The Dukes hacking group has at its disposal an arsenal of malware – MiniDuke, CosmicDuke, OnionDuke, CozyDuke, CloudDuke, SeaDuke, HammerDuke, PinchDuke, and GeminiDuke – designed to open backdoors and exfiltrate data from infected computer systems.
With these tools, says F-Secure, the hacking gang has successfully launched targeted spearphishing campaigns against hundreds of institutions since 2008.
Specific targets have included the former Georgian Information Center on NATO (now known as the Information Center on NATO and EU), the Ministry of Defense of Georgia, the ministries of foreign affairs in both Turkey and Uganda and other government institutions and political think tanks in the United States, Europe and Central Asia.
So, who might be benefiting from the attacks perpetrated by The Dukes? F-Secure thinks it knows.
The targets and timing of these campaigns appear to align with the known foreign and security policy interests of the Russian Federation at those times.
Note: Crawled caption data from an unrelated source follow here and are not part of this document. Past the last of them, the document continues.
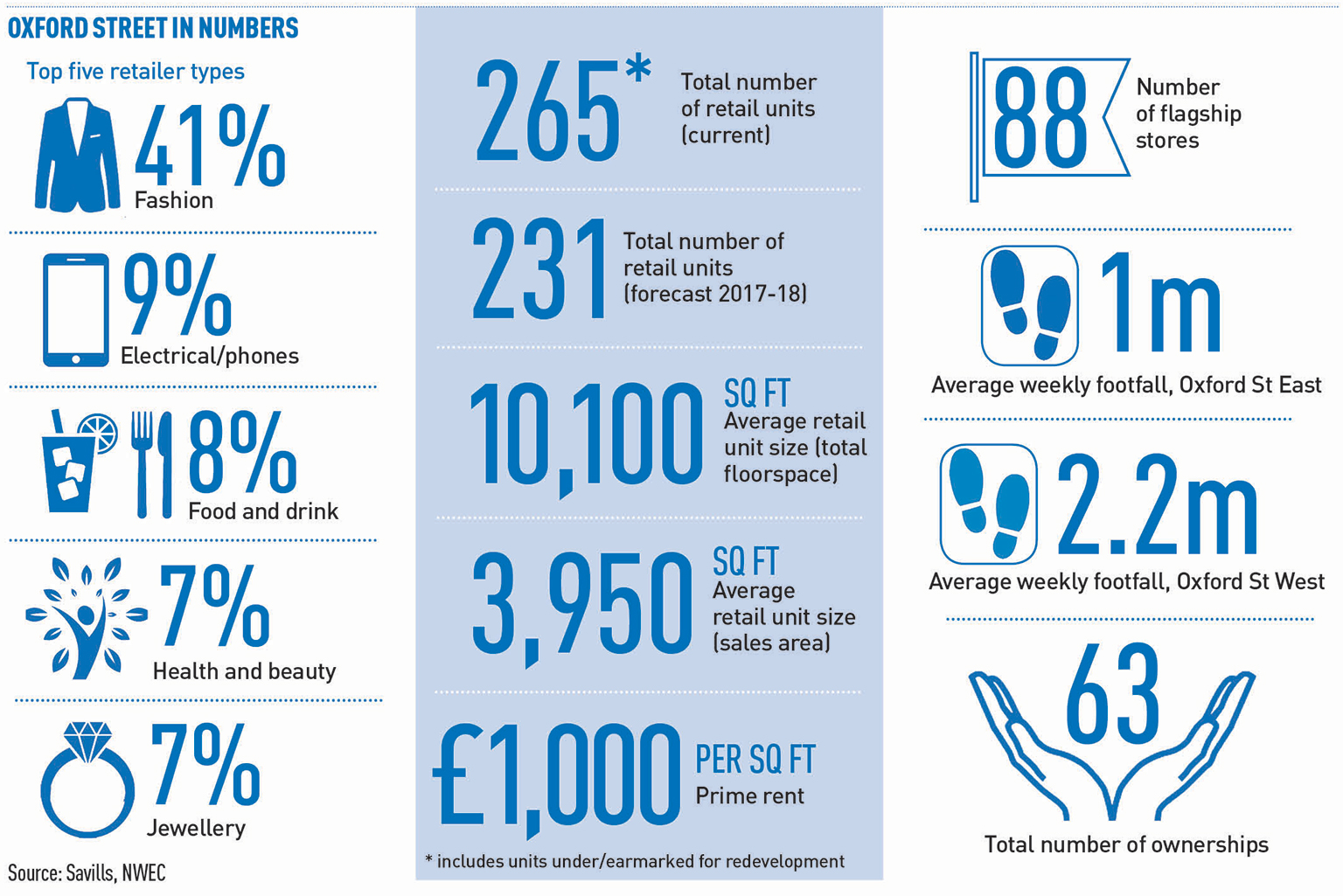 Oxford-Street-in-numbers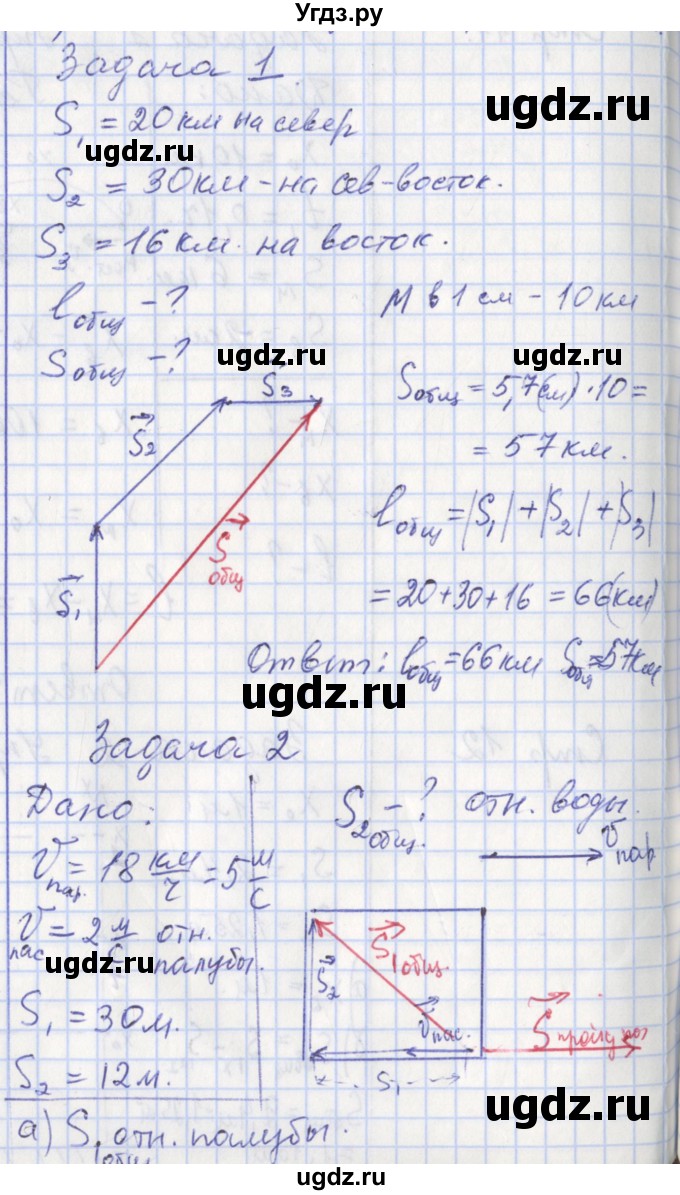 ГДЗ (Решебник) по физике 9 класс (рабочая тетрадь) Минькова Р.Д. / урок-№ / 3(продолжение 2)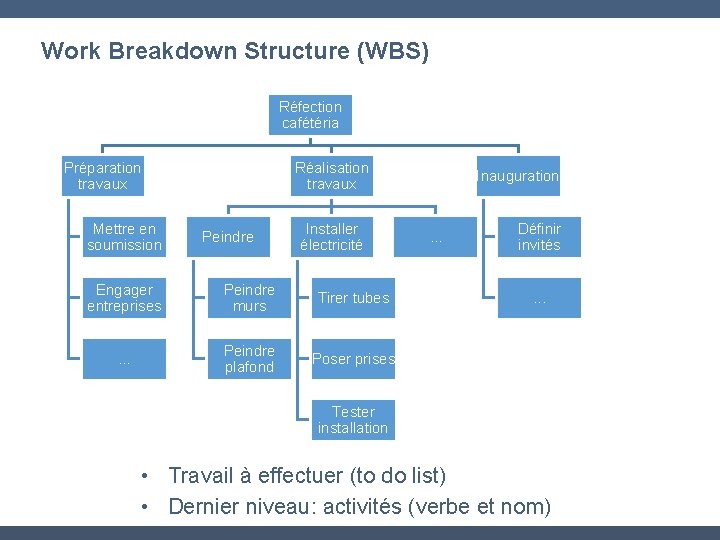 Work Breakdown Structure (WBS) Réfection cafétéria Préparation travaux Mettre en soumission Réalisation travaux Peindre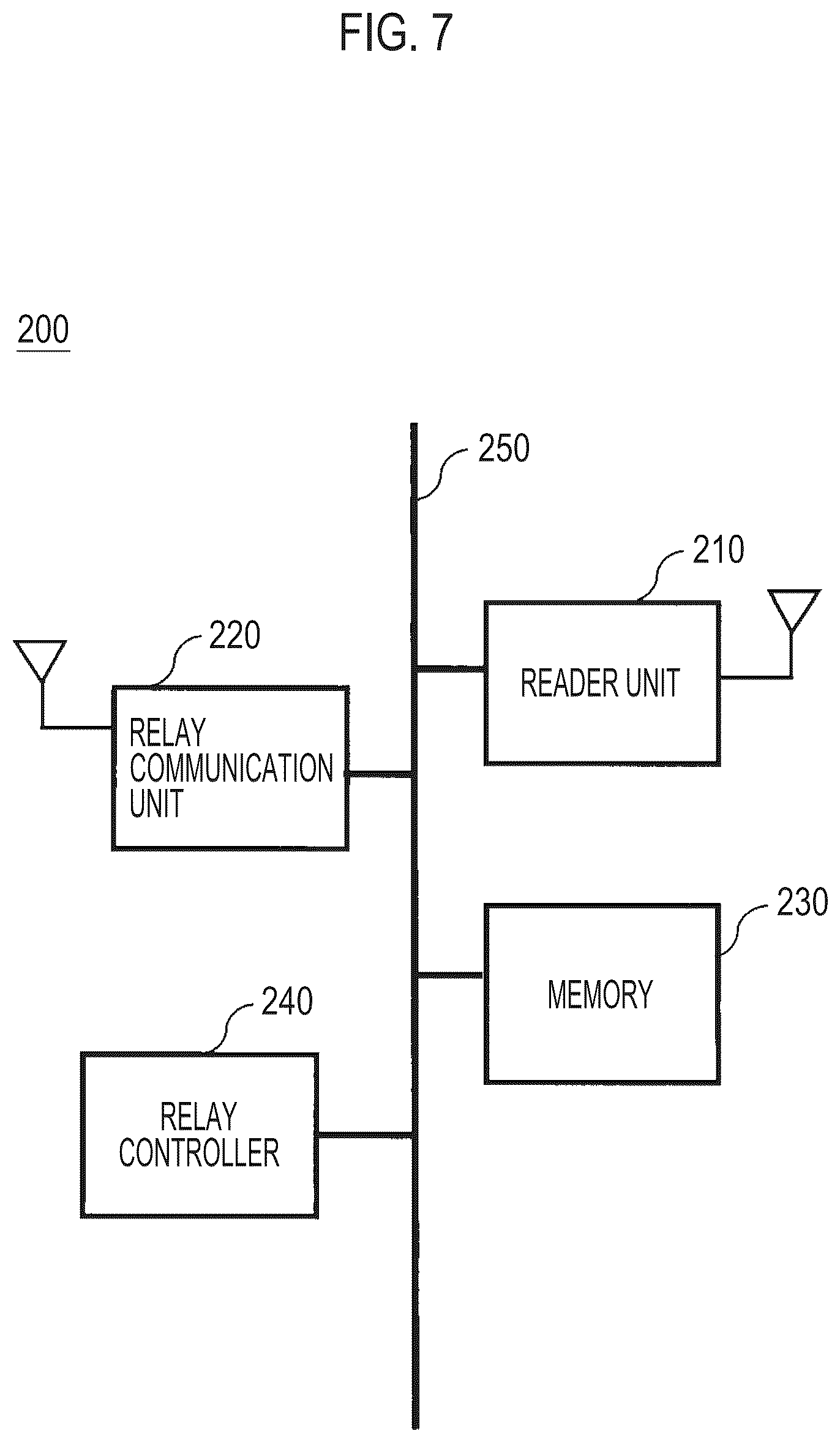 Patent US12157500 Figure 6 – Driving assistance device utilizing pedestrian-wearable device data for calculating pedestrian position within a road crossing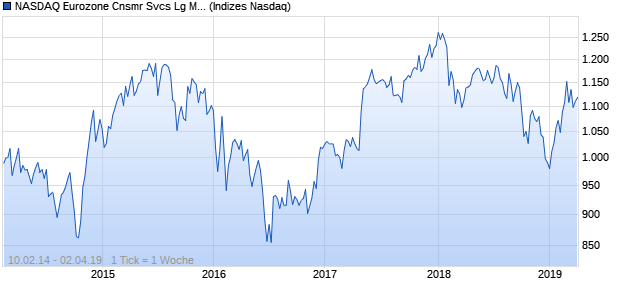 NASDAQ Eurozone Cnsmr Svcs Lg Md Cap JPY Index Chart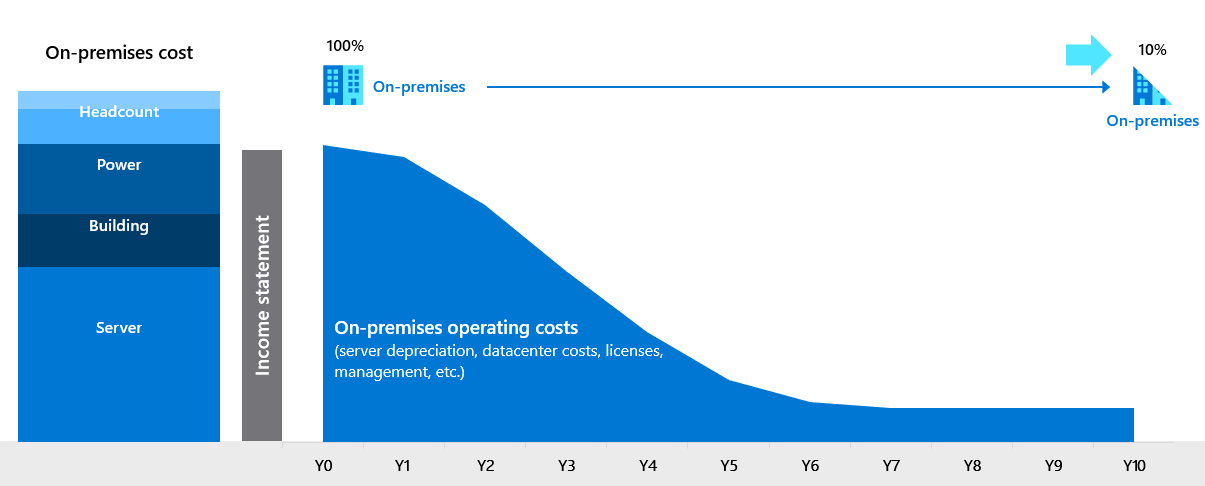 Diagram prognózování místních nákladů při nemigrování do cloudu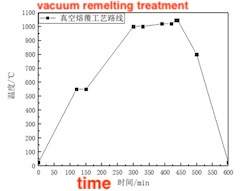 Vacuum remelting treatment Vacuum remelting treatment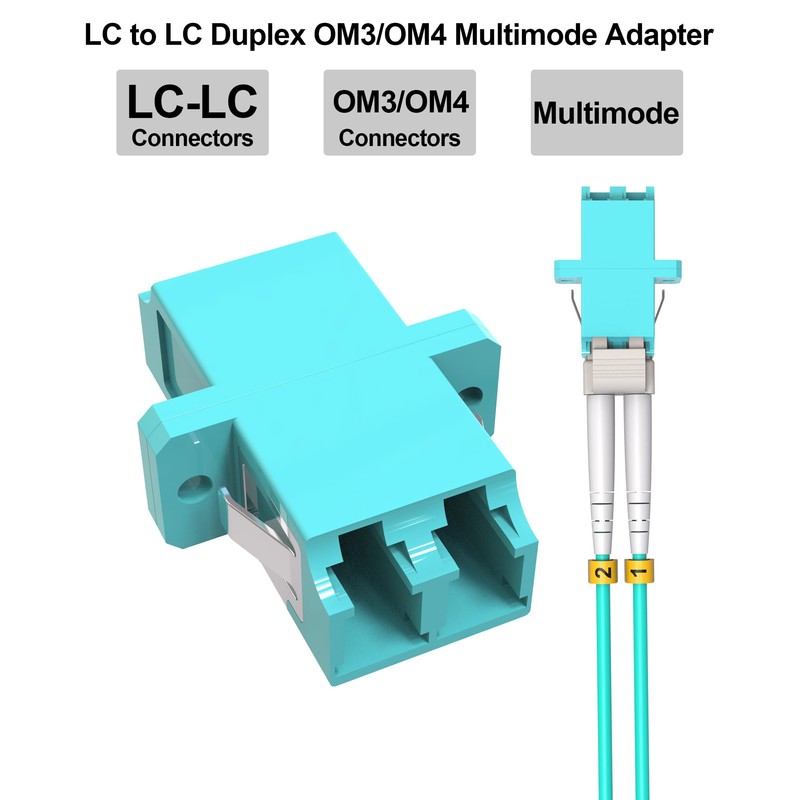 VANDESAIL 6 Pack LC to LC Fiber Optic Coupler Adapter,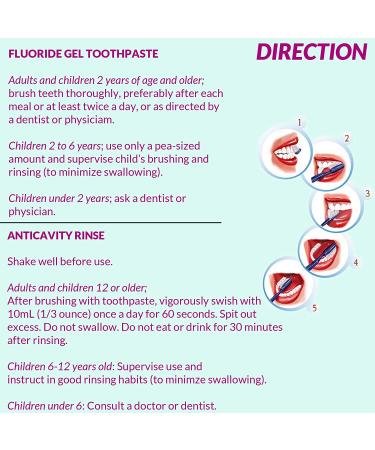 Natural Kids Fluoride Toothpaste | Prevent Cavities, Strengthen Enamel, Remove Plaque Stains | Pack of 2 - Buy Online on GoSupps.com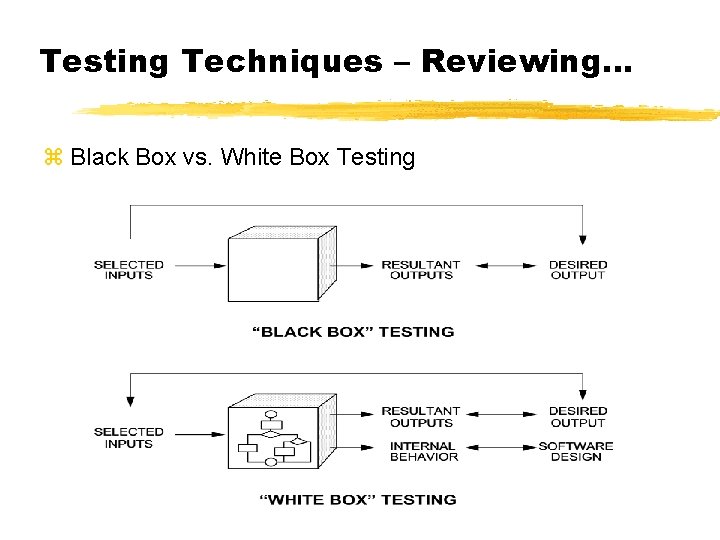 Testing Techniques – Reviewing… z Black Box vs. White Box Testing 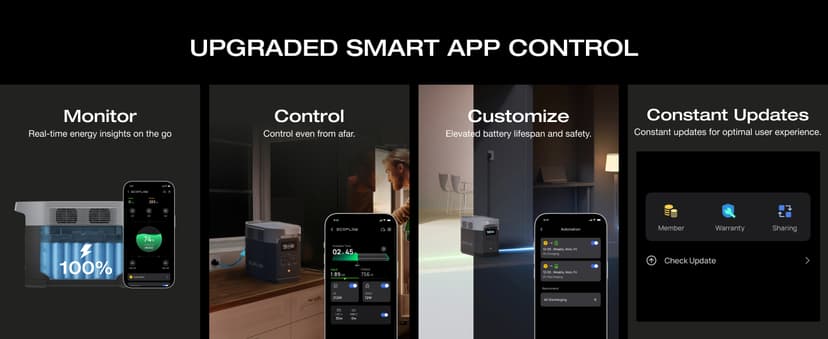 EF ECOFLOW Portable Power Station Delta 2, 1024Wh LiFePO4 (LFP) Battery, 1800W AC/100W USB-C Output, Solar Generator(Solar Panel Optional) for Home Backup Power, Camping & RVs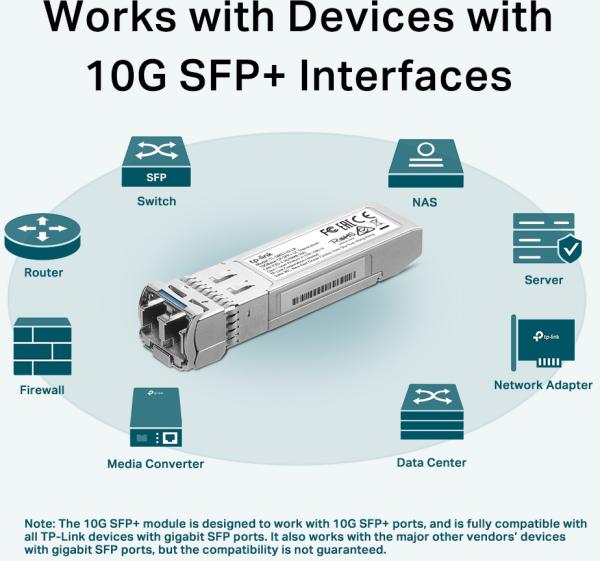 TP-LINK TL-SM5110-LR TL-SM5110-LR 10GB-LR SFP+ LC Transceiver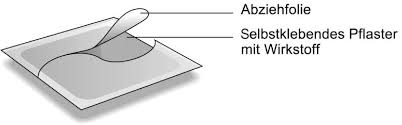 Eine weitere, wichtige galenische anwendung von fentanyl ist die als pflaster bzw. Fentanyl Winthrop 25 Mikrogramm H Transdermales Pflaster Gebrauchsinformation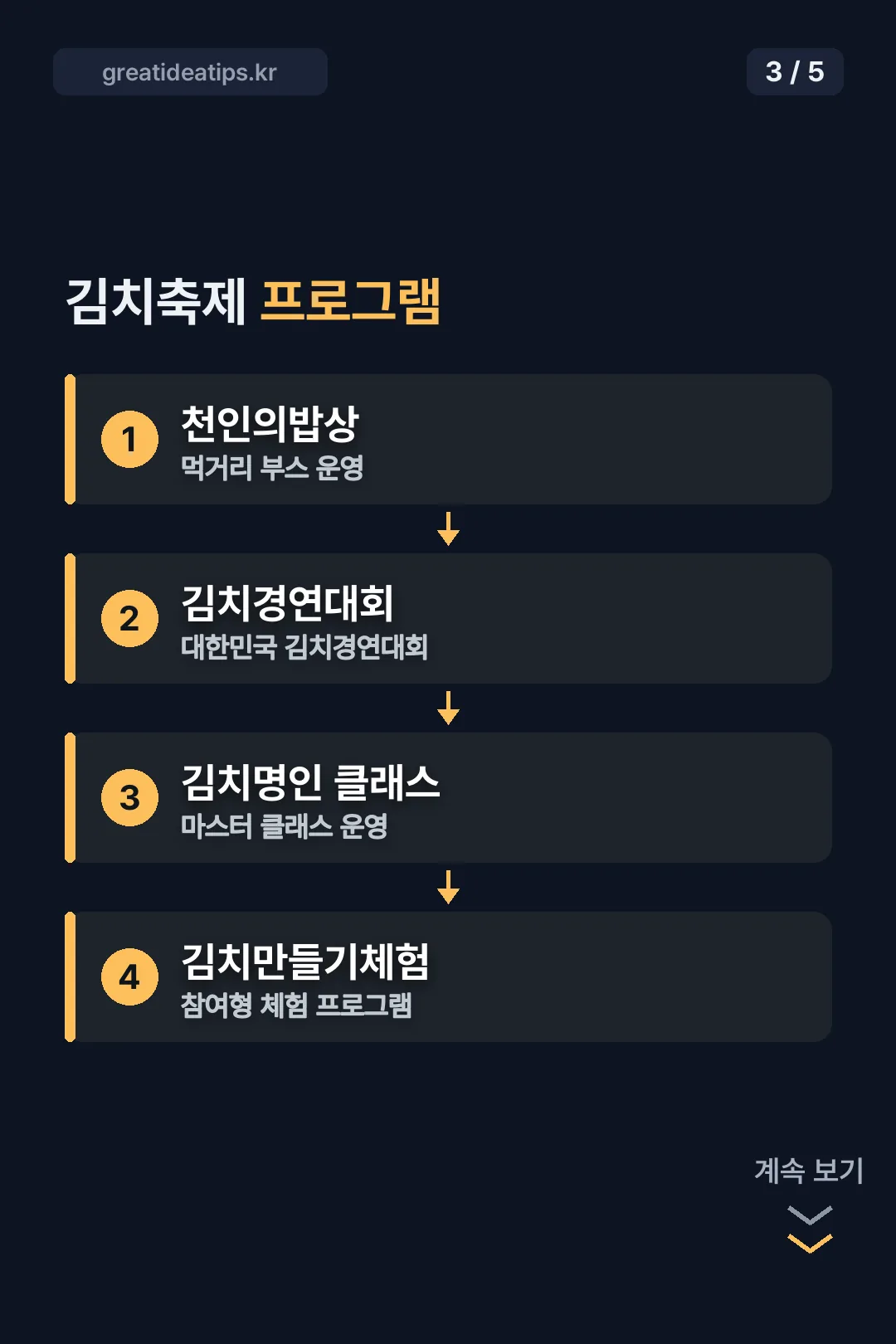 메인 프로그램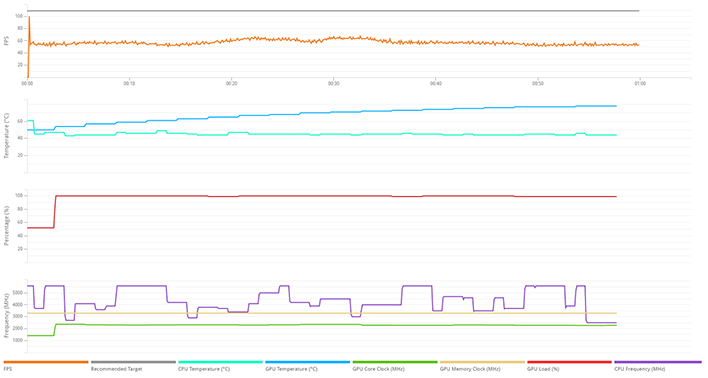 radeon pro hardware status during dxr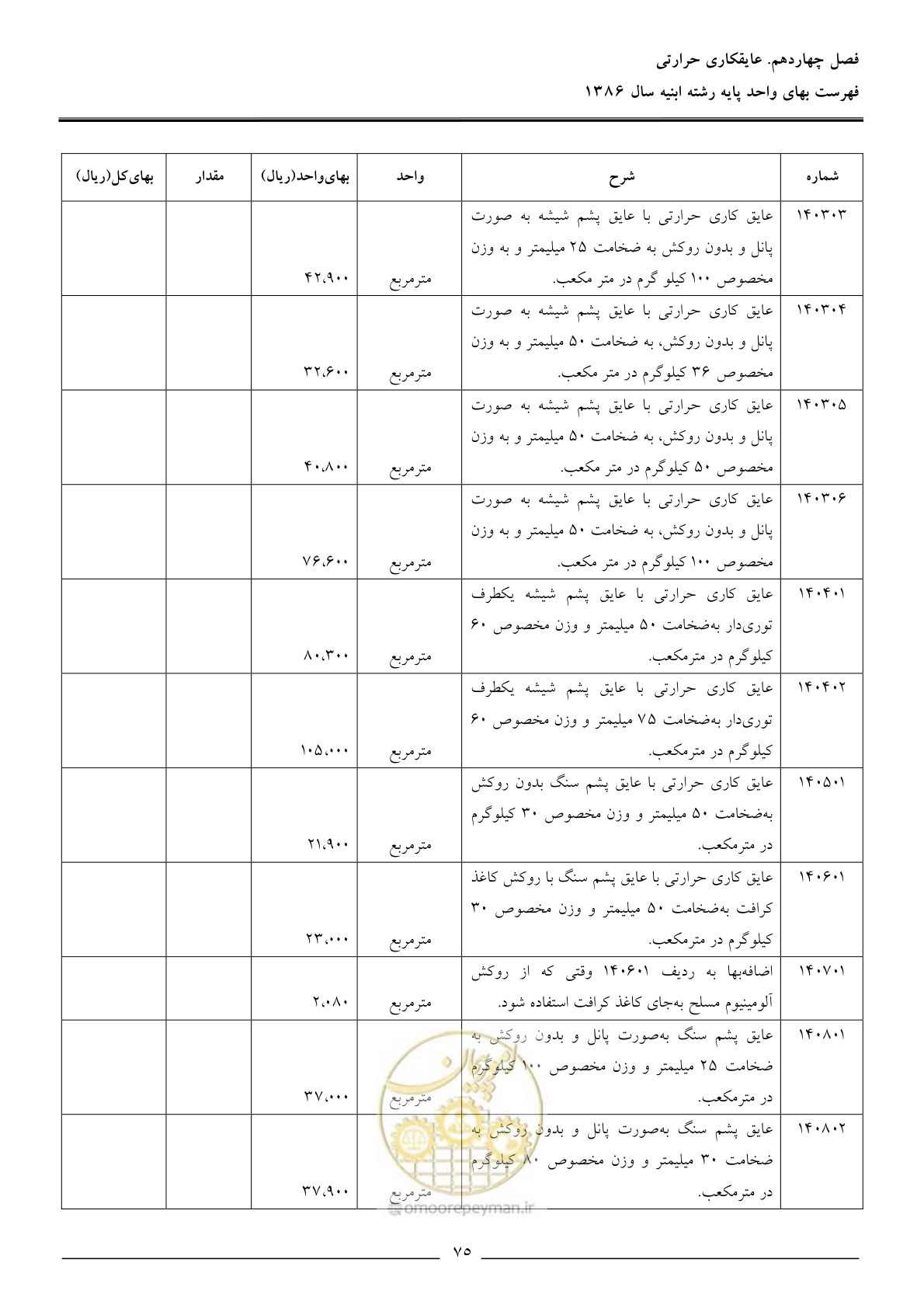 صفحه 78 از 166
In its report, F-Secure’s researchers acknowledge that attribution is always difficult when it comes to hacking attacks, but gives its reasons for linking the attacks to Russia’s intelligence agencies:
In one of their more intriguing cases, the Dukes have appeared to also target entities involved in the trafficking of illegal drugs. Even such targets however appear to be consistent with the overarching theme, given the drug trade’s relevance to security policy. Based on this, we are confident in our conclusion that the Dukes’ primary mission is the collection of intelligence to support foreign and security policy decision-making.
This naturally leads to the question of state-sponsorship. Based on our establishment of the group’s primary mission, we believe the main benefactor (or benefactors) of their work is a government. But are the Dukes a team or a department inside a government agency? An external contractor? A criminal gang selling to the highest bidder? A group of tech-savvy patriots? We don’t know.
Patrick Maldre, a junior research fellow with the International Centre for Defence and Security in Estonia, believes that a clearer picture is being drawn of how hackers are supporting the political objectives of Russia, and the country’s intelligence gathering:
“The connections identified in the report have significant international security implications, particularly for states in Eastern Europe and the Caucasus. They shed new light on how heavily Russia has invested in offensive cyber capabilities and demonstrate that those capabilities have become an important component in advancing its strategic interests.”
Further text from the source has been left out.